Try it>
Repeat the data exactly, please; no pictures belong in the copy.
┄┄┄┄┄┄┄┄┄┄┄┄┄┄┄┄┄┄┄┄
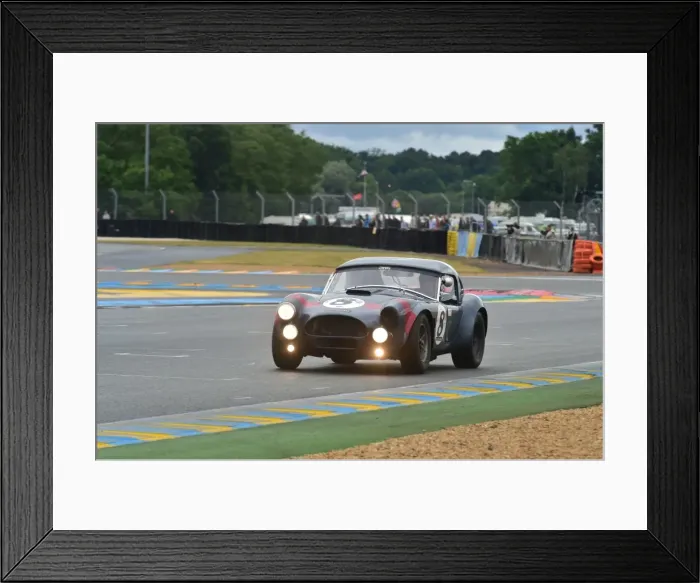 Framed Print : CM3 6330 David Hart, Shelby Cobra 289 Framed Print : CM3 6330 David Hart, Shelby Cobra 289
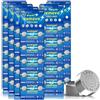 avmzvo AG3 pile a bottone, batterie alcaline LR41, 60 pezzi, 1,5 V, senza mercurio, 392/192 / L736 / G3A / 3GA【5 anni di garanzia】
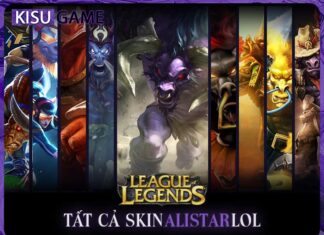 Tất cả skin Alistar trong Liên Minh Huyền Thoại, giá skin, độ hiếm Tất cả skin Alistar trong Liên Minh Huyền Thoại, giá skin, độ hiếm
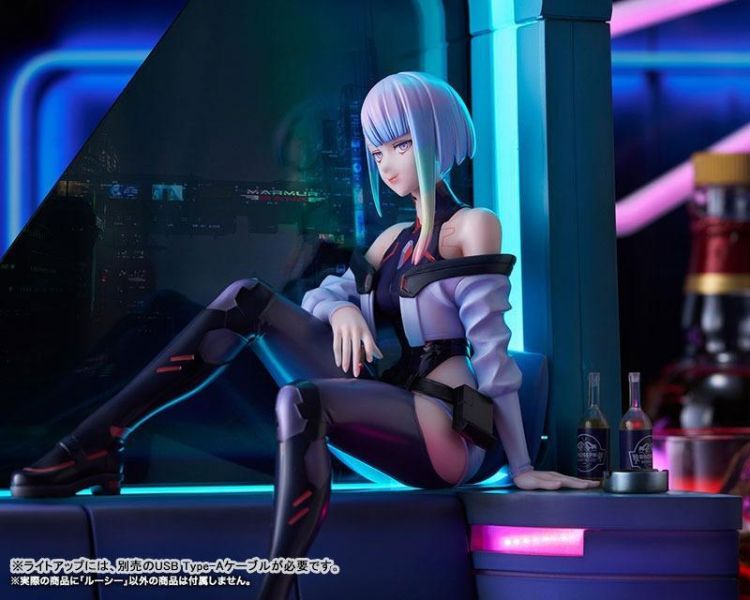 【PVC預定】壽屋 KOTOBUKIYA 電馭叛客 邊緣行者 露西 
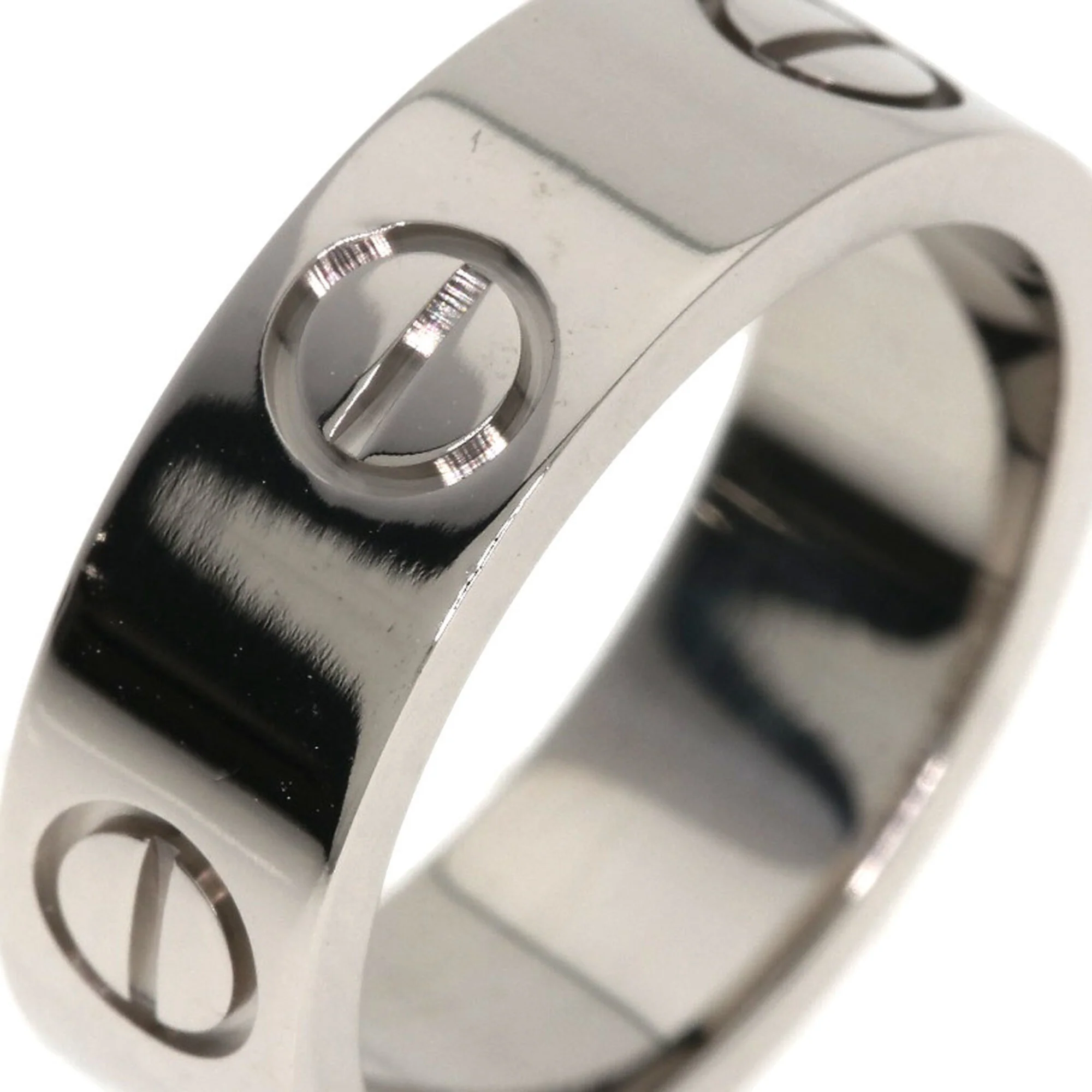 Love Ring 18K White Gold - Image 7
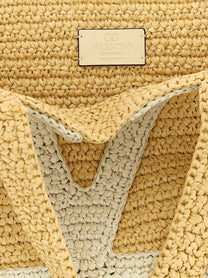 VALENTINO GARAVANI - VALENTINO GARAVANI - Valentino Garavani ’Viva Superstar’ midi shopping bag - Women’s Bags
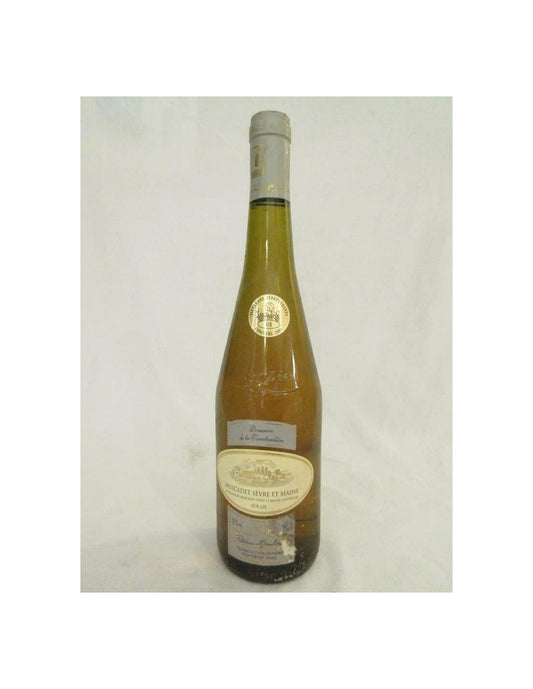 2004 - muscadet - domaine de la tourlaudière (étiquette abîmée) - rouge - loire - nantais - Just Wines 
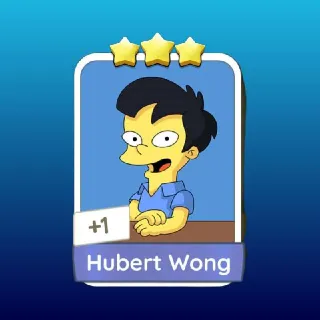 HUBERT WONG ⭐ Monopoly Go ⭐ Fast Delivery
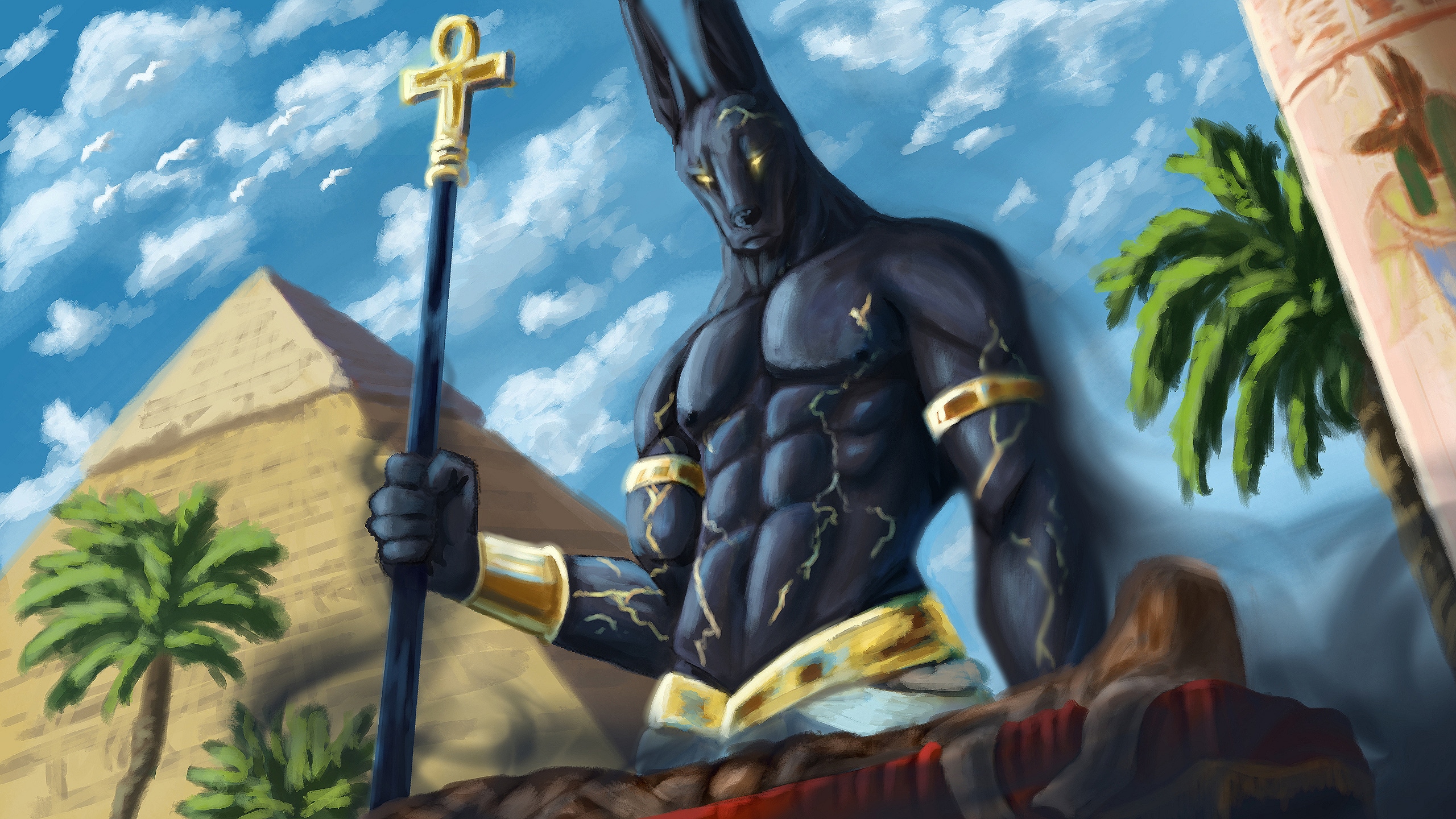 Anubis par excello
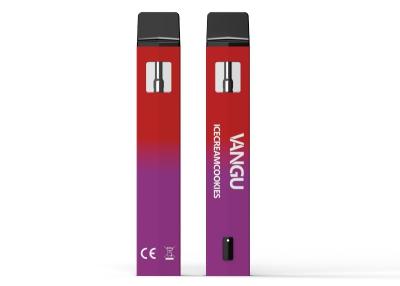 China Multicolor THC Disposable Vape Device 1.4ohm portable pod vape for sale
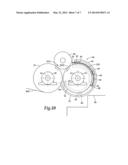 Slitter-winder of a Fiber Production Line diagram and image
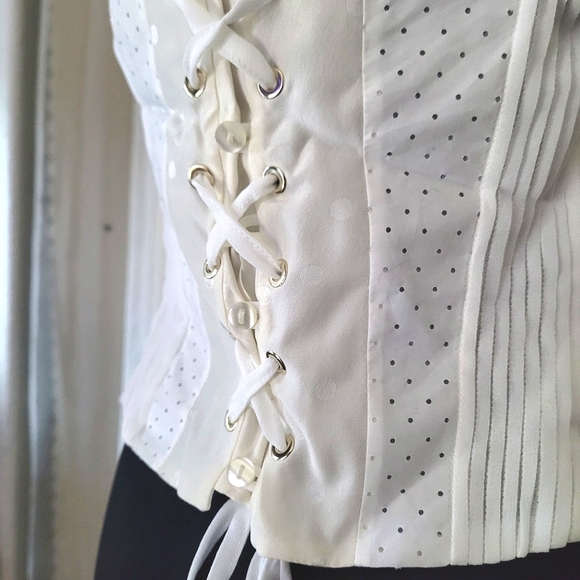 🍒NWT🍒 JUST CAVALLI 100% COTTON VEST TOP - Picture 3 of 13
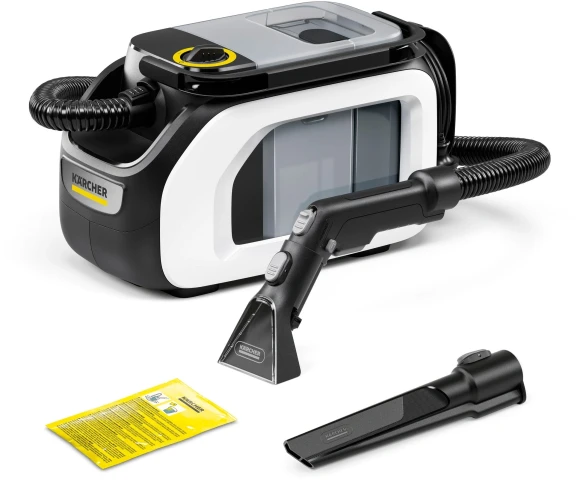Пылесос моющий Karcher SE 3 500Вт черный/белый Пылесос моющий Karcher SE 3 500Вт черный/белый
┄┄┄┄┄┄┄┄┄┄┄┄┄┄┄┄┄┄┄┄
Expected output>
 Framed Print : CM3 6330 David Hart, Shelby Cobra 289 Framed Print : CM3 6330 David Hart, Shelby Cobra 289
 avmzvo AG3 pile a bottone, batterie alcaline LR41, 60 pezzi, 1,5 V, senza mercurio, 392/192 / L736 / G3A / 3GA【5 anni di garanzia】
 Tất cả skin Alistar trong Liên Minh Huyền Thoại, giá skin, độ hiếm Tất cả skin Alistar trong Liên Minh Huyền Thoại, giá skin, độ hiếm
 【PVC預定】壽屋 KOTOBUKIYA 電馭叛客 邊緣行者 露西 
 Love Ring 18K White Gold - Image 7
 VALENTINO GARAVANI - VALENTINO GARAVANI - Valentino Garavani ’Viva Superstar’ midi shopping bag - Women’s Bags
 2004 - muscadet - domaine de la tourlaudière (étiquette abîmée) - rouge - loire - nantais - Just Wines 
 HUBERT WONG ⭐ Monopoly Go ⭐ Fast Delivery
 Anubis par excello
 China Multicolor THC Disposable Vape Device 1.4ohm portable pod vape for sale
 Slitter-winder of a Fiber Production Line diagram and image
 🍒NWT🍒 JUST CAVALLI 100% COTTON VEST TOP - Picture 3 of 13
Пылесос моющий Karcher SE 3 500Вт черный/белый Пылесос моющий Karcher SE 3 500Вт черный/белый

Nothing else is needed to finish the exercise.